John Woolman’s simple statement in A Word of Remembrance and Caution to the Rich (1793) may serve as a beginning for all consideration of stewardship: “As Christians, all we possess is the gift of God, and in the distribution of it we act as his stewards; it becomes us therefore to act agreeably to that divine wisdom which he graciously gives to his servants.”The principle of stewardship thus applies to all that we have and are, as individuals, as members of groups, and as inhabitants of the earth. As individuals, we are obliged to use our time, our various abilities, our strength, our money, our material possessions, and other resources in a spirit of love, aware that we hold these gifts in trust, and are responsible to use them in the Light. As Friends, and as members of other groups, we seek to apply the same spirit to the use and contribution of our corporate resources.
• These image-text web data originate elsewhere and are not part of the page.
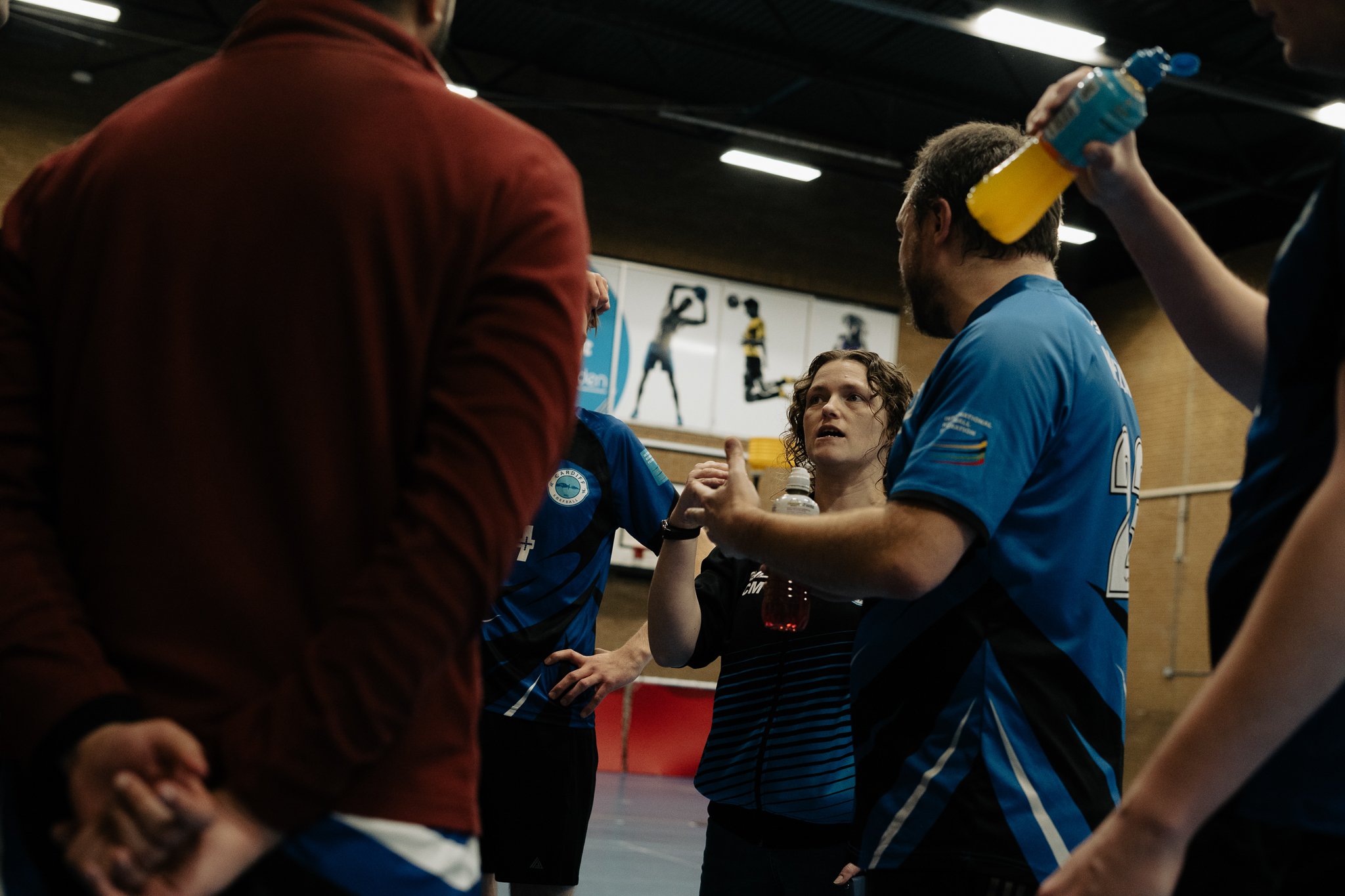 A group of athletes and a coach having an intense discussion during a break in an indoor sports facility. The woman in the center appears to be listening attentively, holding a water bottle. The surroundings include sports posters on the wall.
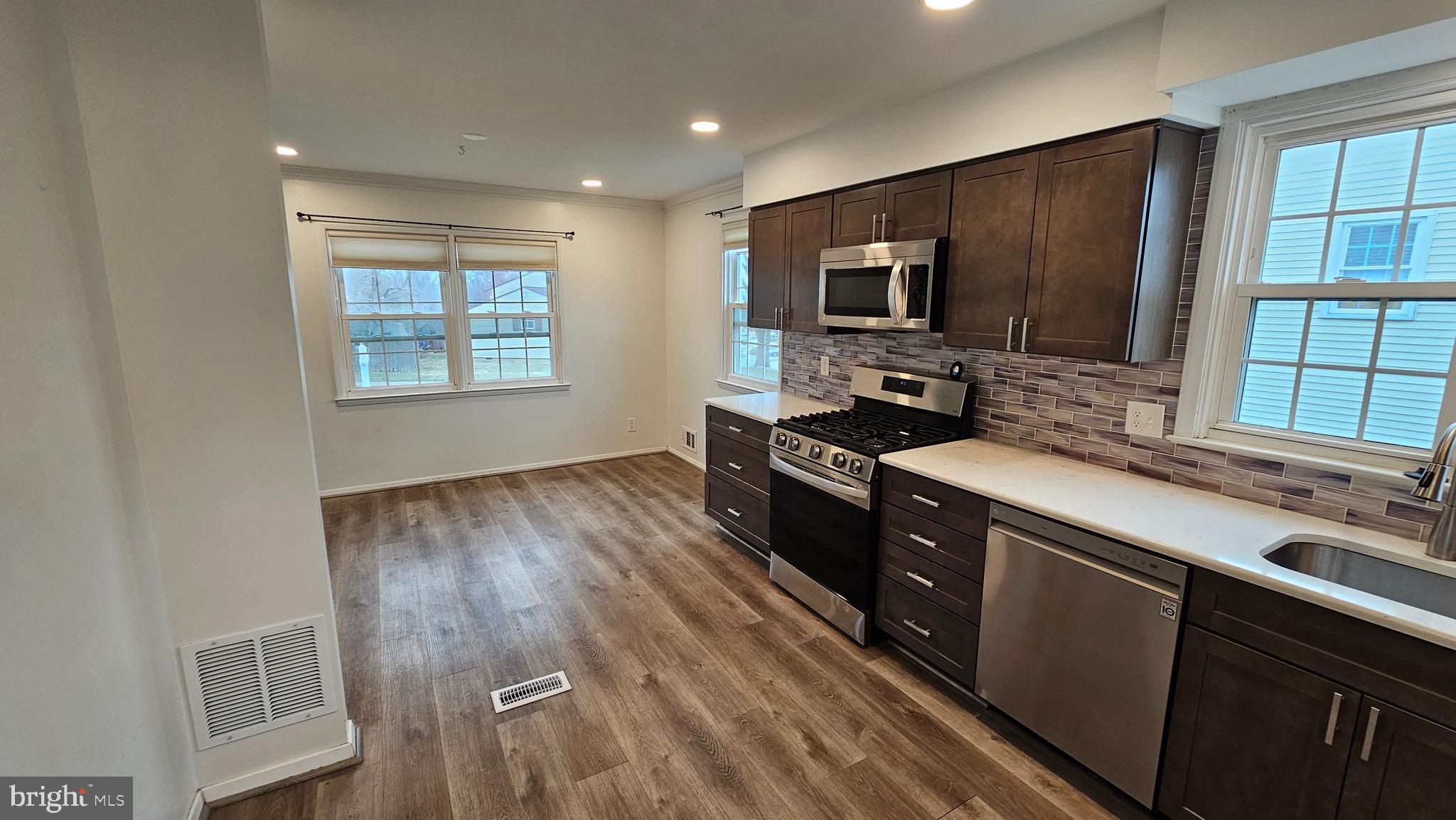 321 Ardmore Road Linthicum Heights, MD 21090 - Photo 8 of 24 a kitchen with a stove a sink and a microwave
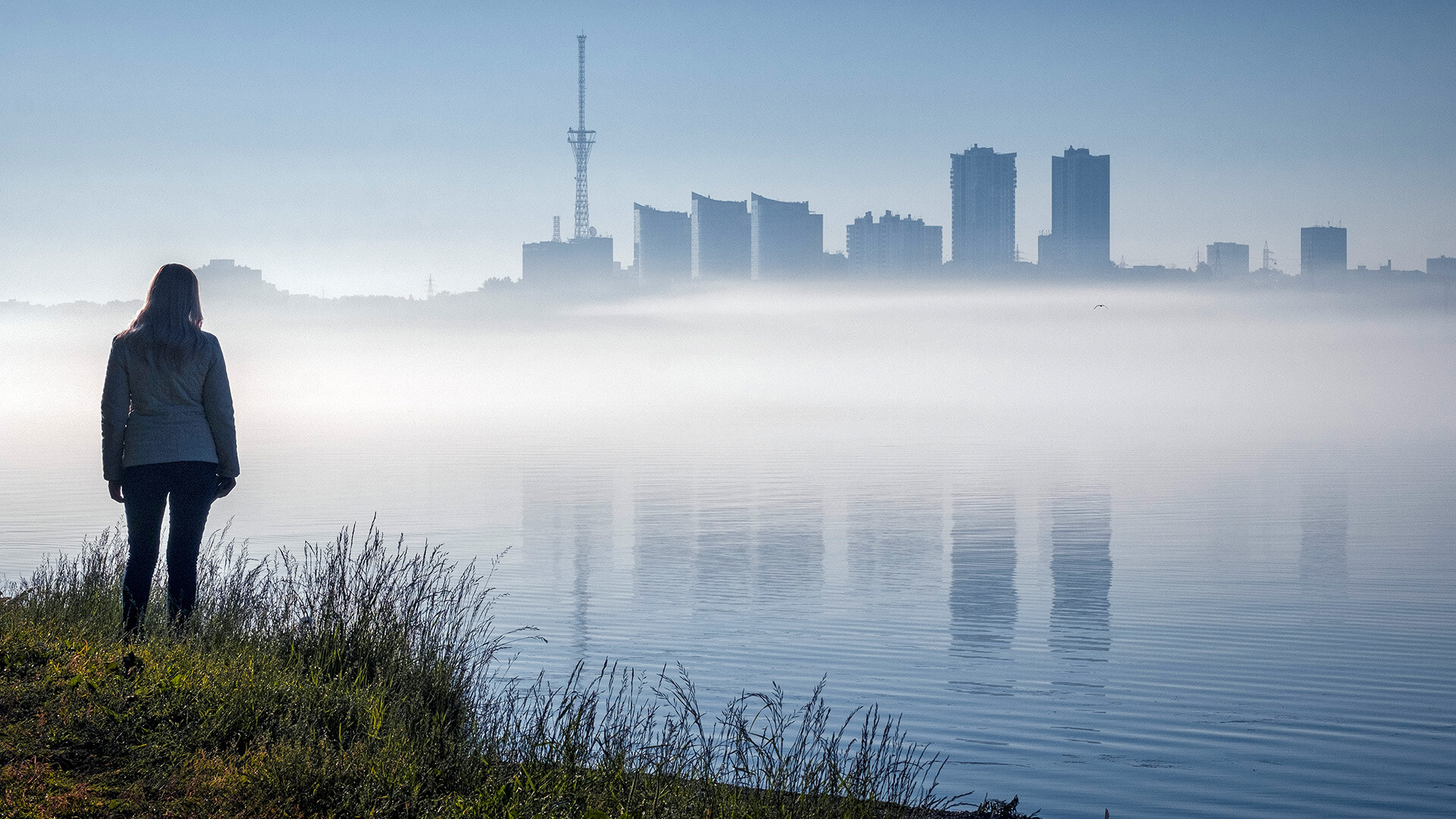 Izjemno megleno jutro nad reko Kama. Po šesti uri so se na drugi strani reke začele pojavljati tipične značilnosti velikega mesta. Mesto Perm. Ural. Rusija.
As people, we are obliged to cherish the earth and to protect all its resources in a spirit of humble stewardship, committed to the right sharing of these resources among people everywhere.
“To turn all we possess into the channel of universal love becomes the business of our lives”–this, in the words of Woolman, is the meaning of Quaker stewardship.
Do we regard our time, talents, energy, money, material possessions, and other resources as gifts from God, to be held in trust and shared according to the Light we are given? How do we express this conviction?
What are we doing as individuals and as a Meeting to use and thereby perfect our gifts? How do we encourage others to use theirs?
How do we exercise our respect for the balance of nature? Are we careful to avoid poisoning the land, air, and sea and to use the world’s resources with care and consideration for future generations and with respect for all life?
In what other ways do we carry out our commitment to stewardship?